For the past few weeks, I’ve been doing research for The Wolf Tree. It’s been an education, in several ways.
Seattle isn’t like New York or San Francisco or London. I don’t have dozens of books to choose from, rows of scholarly tomes filled with history, details, and anecdotes.
Most books about Seattle’s history are pictorial, thanks in large part to Paul Dorpat’s “Now and Then” newspaper columns. Dorpat’s oeuvre is built on the photographic record, comparing views from Seattle’s past to photos of its present, but taken as a whole, his work isn’t comprehensive. If it’s not in the picture, it’s not discussed, and thus there’s little by way of historical analysis and “big picture” views. In addition, there is very little surviving photography of Seattle pre-1880 (the period I’m researching), and thus there is very little wheat amidst the chaff.
In other words, Dorpat (and others who’ve followed his lead) are helpful, but only in an ancillary fashion.

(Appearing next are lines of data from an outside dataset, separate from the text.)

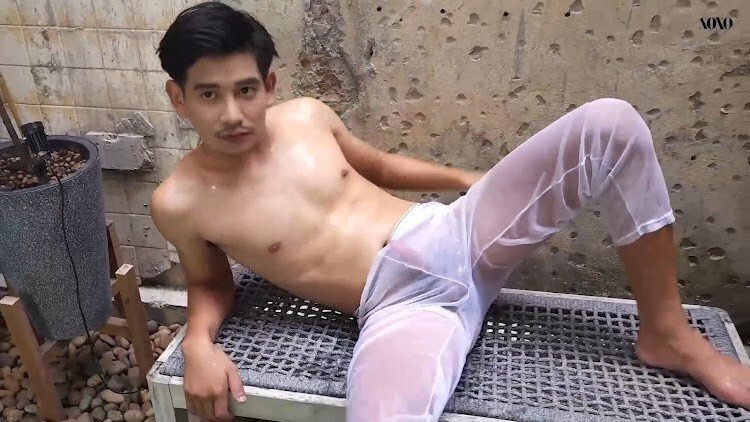 นายแบบหล่อขี้เล่น ท็อปเปอร์ วันนี้มาถ่ายแบบนิตยสารเกย์แน่นอนว่าจัดเต็มโชว์ควยชักว่าวน้ำแตกฟินๆ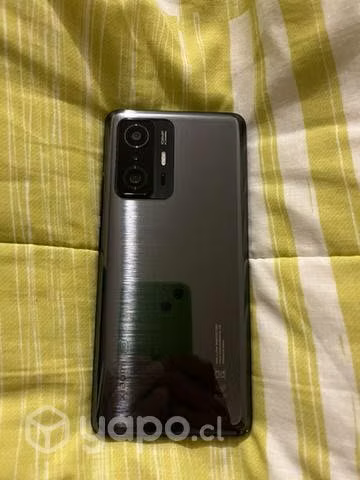 Teléfono Xiaomi 11 y pro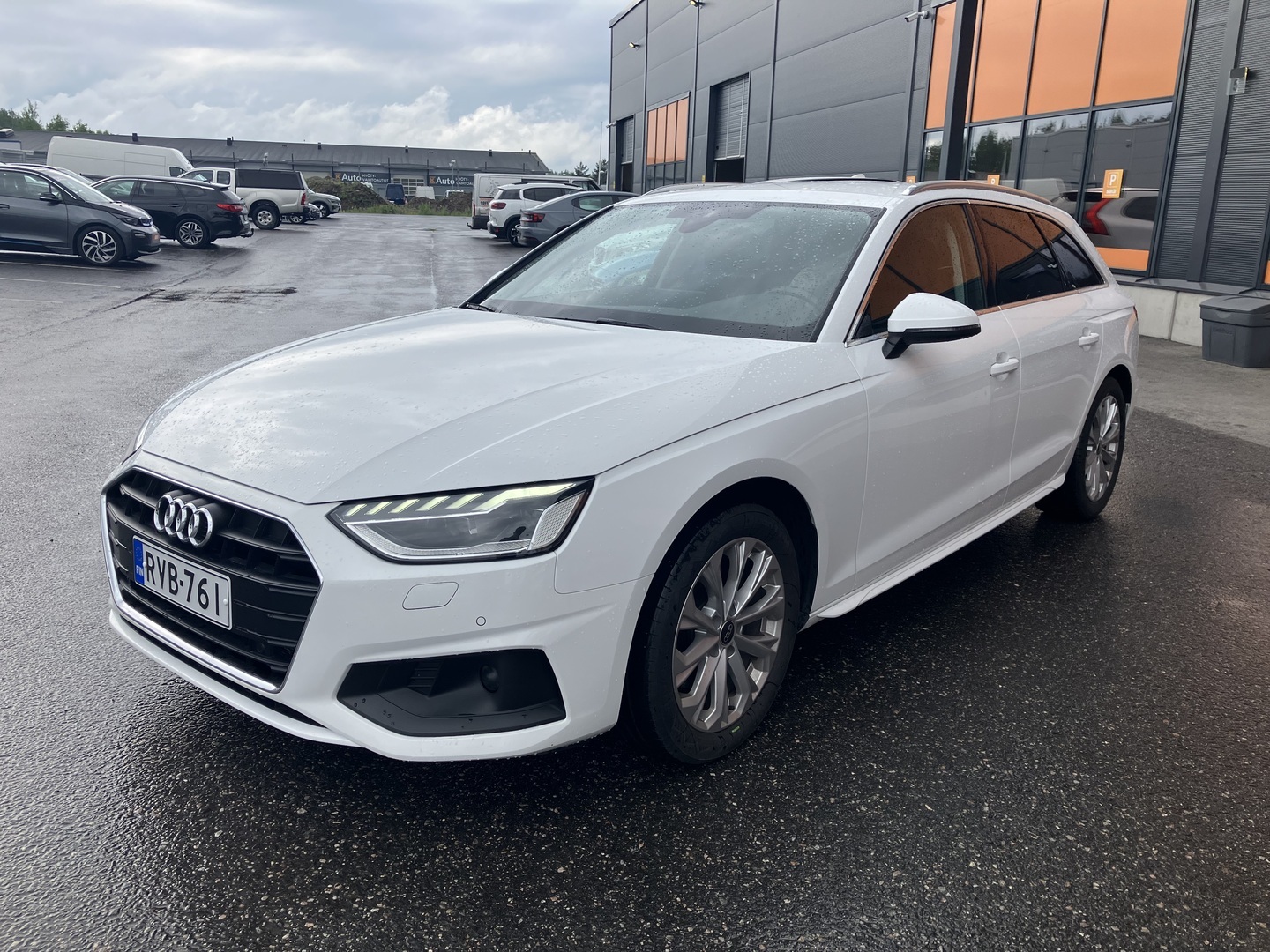 AUDI A4 2023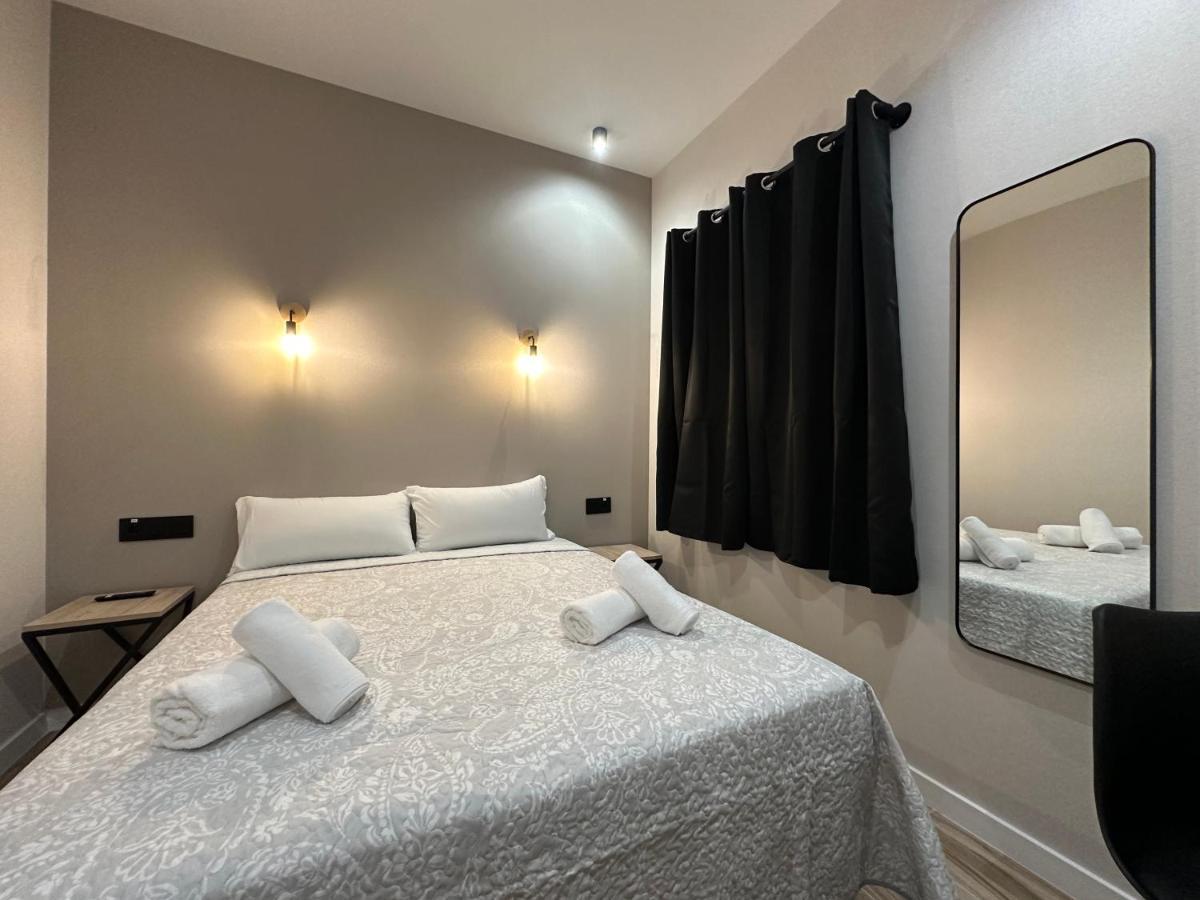Cc Opera Suites Madrid Eksteriør billede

The remaining titles I’ve found were written in the early part of the 20th century; they are mostly biographical, some lamely humorous, and almost all of them rife with bad writing and overt racism. One book was so bad I had to put it down. Every sentence of the author’s description of the Puget Sound natives was filled with words like “buck,” “brave,” “squaw,” “lazy,” “cowardly,” and “Happy Hunting Grounds.” The imagined dialogue he put into the mouths of the white settlers was just as unreadable, built of such abominations as:
“Ef’n yer goods’r all aboard, Mr. Terry, and if the ladies’ll be good enough t’remove that flotilla of young’uns from my mainmast, I’ll set about gettin’ under way.”
and
“‘Pears t’me we’ve settled in the wrong spot, boys.”
Shoot me. Just…shoot me.
These books are also very sketchy on early Seattle history. We hear a lot about the years 1851-1856 (i.e., from the founding of the town site through the much ballyhooed “Battle of Seattle”) and then they go dark until 1880.
Sometimes I wonder if I purposefully make things hard on myself…
I was just about to give up when I happened upon an obscure reference to A Chronological History of Seattle from 1850 to 1897, by Thomas W Prosch. That name–Prosch–stood out; I knew that there was a Thomas Prosch who was the first editor of the Seattle Post-Intelligencer. I followed the trail and found a gold mine.
Instead of the miserable, puffed-up, condescending, yuck-it-up anecdotes of a curmudgeonly, beer-drinking good-old-boys, I found the facsimile of a hand-typed, year-by-year chronology, culled from old newspapers, compiled by a seasoned journalist. Admittedly, this was a 19th century journalist, but trust me, he’s more dispassionate and even-handed than most of the so-called journalism you and I see every day.
It’s hard to read–it’s basically screenshots the pages Prosch hand-typed back in 1900–but it spends four to ten pages on the happenings of each and every year, right through the “dark” years of my research period.
Thank you, Thomas Prosch (1850-1915), and thank you, Seattle Public Library (established 1869).